Thursday, September 23, 2010

Fevre Dream: Book Review.....OF DEATH

isn't that a cool cover?!
I like media. I like visual stimuli. I like books and comics and movies and television shows and music videos and video games. 

Books though. Books are my true passion. And when I saw this lovely, slightly beat up first edition hardcover book by George R.R. Martin at a local used book sale, I a) snatched it up like the last Christmas ham at Bi-Lo and b) realized that I had never read it before.

Now George R.R. Martin is one of the most prolific Science Fiction authors of the last thirty years. His name has about 50 titles attached to it (the least of which not being A Game of Thrones, which is being released as a TV series on HBO this upcoming spring) along with a respectable of awards including the Hugo and Nebula awards (like Oscars for Sci-Fi/Fantasy writing).

So when I saw his name scrawled across the top of a perfectly preserved 1st edition I leapt on it with the pre-described fervor.

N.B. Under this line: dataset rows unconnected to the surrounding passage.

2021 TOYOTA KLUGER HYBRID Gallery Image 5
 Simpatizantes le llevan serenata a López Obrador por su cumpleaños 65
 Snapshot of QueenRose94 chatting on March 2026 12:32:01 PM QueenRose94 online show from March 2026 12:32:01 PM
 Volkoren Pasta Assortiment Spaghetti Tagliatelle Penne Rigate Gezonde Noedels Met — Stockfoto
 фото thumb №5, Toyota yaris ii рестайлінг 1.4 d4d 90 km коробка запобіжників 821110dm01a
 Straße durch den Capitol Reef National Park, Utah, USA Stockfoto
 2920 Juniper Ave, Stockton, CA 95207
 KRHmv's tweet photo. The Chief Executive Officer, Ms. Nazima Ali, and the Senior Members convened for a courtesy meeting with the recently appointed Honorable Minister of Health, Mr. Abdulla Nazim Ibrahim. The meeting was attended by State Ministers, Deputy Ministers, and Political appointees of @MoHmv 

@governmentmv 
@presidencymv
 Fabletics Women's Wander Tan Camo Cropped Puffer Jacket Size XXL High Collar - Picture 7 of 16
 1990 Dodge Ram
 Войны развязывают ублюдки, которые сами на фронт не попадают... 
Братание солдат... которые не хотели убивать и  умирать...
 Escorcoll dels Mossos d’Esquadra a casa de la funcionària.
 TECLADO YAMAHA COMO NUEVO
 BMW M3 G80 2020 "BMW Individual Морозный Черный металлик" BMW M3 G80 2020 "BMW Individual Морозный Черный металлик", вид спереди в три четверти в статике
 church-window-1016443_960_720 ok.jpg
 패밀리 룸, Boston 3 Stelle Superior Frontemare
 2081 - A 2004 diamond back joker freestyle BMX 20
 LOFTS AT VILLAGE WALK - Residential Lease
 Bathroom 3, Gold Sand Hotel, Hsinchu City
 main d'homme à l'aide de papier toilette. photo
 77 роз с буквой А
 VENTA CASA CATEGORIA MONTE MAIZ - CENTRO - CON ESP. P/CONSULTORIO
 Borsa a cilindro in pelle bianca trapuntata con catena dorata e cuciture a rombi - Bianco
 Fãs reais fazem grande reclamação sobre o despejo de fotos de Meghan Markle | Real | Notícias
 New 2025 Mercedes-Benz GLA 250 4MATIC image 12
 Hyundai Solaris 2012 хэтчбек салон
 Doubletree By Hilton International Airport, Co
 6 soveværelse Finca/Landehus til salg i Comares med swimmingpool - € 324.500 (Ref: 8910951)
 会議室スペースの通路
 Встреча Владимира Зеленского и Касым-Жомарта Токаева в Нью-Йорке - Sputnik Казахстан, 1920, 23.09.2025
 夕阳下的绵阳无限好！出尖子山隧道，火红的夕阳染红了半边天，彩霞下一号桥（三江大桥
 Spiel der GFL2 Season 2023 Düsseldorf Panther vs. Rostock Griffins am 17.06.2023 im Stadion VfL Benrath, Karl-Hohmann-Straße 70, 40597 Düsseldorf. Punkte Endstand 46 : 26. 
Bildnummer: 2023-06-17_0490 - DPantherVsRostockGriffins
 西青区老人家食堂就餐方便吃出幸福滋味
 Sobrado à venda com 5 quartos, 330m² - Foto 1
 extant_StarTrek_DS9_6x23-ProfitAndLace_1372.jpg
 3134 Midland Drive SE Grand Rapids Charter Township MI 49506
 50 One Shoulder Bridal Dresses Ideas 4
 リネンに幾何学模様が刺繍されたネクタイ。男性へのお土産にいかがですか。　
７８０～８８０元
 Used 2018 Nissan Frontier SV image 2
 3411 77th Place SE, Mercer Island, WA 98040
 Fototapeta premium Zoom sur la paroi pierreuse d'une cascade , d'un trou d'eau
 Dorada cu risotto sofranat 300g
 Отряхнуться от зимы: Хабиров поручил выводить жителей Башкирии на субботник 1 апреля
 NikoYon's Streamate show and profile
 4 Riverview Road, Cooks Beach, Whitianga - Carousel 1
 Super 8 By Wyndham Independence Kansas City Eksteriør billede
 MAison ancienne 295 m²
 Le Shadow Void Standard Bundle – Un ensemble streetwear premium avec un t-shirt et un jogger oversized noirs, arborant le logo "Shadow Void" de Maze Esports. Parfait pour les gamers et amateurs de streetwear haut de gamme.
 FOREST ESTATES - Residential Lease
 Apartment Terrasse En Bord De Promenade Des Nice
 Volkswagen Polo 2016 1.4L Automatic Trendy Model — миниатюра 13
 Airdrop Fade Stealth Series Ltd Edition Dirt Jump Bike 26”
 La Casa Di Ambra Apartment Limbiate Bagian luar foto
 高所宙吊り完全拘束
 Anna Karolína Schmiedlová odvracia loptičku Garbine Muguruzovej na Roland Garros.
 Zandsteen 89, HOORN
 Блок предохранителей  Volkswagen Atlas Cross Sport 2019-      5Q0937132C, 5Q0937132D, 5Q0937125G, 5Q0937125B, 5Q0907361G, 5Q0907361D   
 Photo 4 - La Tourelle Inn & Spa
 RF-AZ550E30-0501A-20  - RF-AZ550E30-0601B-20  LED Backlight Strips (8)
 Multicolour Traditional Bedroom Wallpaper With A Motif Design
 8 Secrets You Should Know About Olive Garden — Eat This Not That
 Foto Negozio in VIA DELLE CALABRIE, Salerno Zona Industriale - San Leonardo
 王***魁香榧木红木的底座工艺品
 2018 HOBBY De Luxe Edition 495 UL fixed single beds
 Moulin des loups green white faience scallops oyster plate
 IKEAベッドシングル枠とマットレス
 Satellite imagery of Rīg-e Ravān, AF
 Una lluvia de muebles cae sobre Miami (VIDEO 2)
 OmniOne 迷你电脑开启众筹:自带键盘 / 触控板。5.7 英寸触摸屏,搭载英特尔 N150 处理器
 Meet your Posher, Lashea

Fevre Dream: vampires and the Mississippi steam boat trade.

This novel recreates a world that I never really thought to explore beyond my forced reading of The Adventures of Huck Finn in high school (never was the Mark Twain fan that the public school system wanted me to be). The novel takes place on a steam boat during the antebellum period in the United States (1850-ish).  The main character, a gruff, ugly and overweight gentleman named Abner Marsh is hired by the pale, mysterious stranger named Joshua York to supervise and co-captain the construction and operation of a steam boat on the Mississippi. Later we find out that Joshua York, who only comes out at night and who can see far out along the river at night, is up to something quite sinister all the while trying to save the world.

A art selection from the 2010 comic book based on Fevre Dream


Now, I will stop you here to admit something. I didn't do any research on this book before I read it. In doing so I felt a little like I was plunging into a dark room. I kind of liked it. So, you'll be shocked to know, I had no idea this book was about vampires. Which is rather dumb actually, considering the cover has a vampire on it (this attests to the powers of my observation).

I will say two things about this book:

This is not a real vampire movie. This is bad.

1) I adored it. George R.R. Martin has always been a favorite of mine and reading this book just further cemented him in my list of best authors. It was rich with detail yet simple and easy to read. So often books that create or recreate a world delve deeply into what things look like, what smells, what sounds--they explain so much that they don't rally further the story (cough Twilight cough). Not so with this book. You're thrown into it, just like I was without figuring out what the book was about before I read it. You pick up and understand things as you go along. I don't insult your intelligence by being too simple but isn't so completely inane you feel like using the thing to prop up the short leg on your coffee table.

2) Not only was it a good book....it was good vampire book. Clever associations and explanations of vampire culture and existence (like Modern Vampire where vampirism is an STD and Crips members make good vampire hunters). The descriptions are campy and are to be perfectly honest: scary. Not only that, the book wasn't predictably vampiric in ending. Good vampires + bad vampires and all that. The book holds surprised that leave you guessing, making the book all that more enjoyable.

Read this book, its thoroughly fantastic.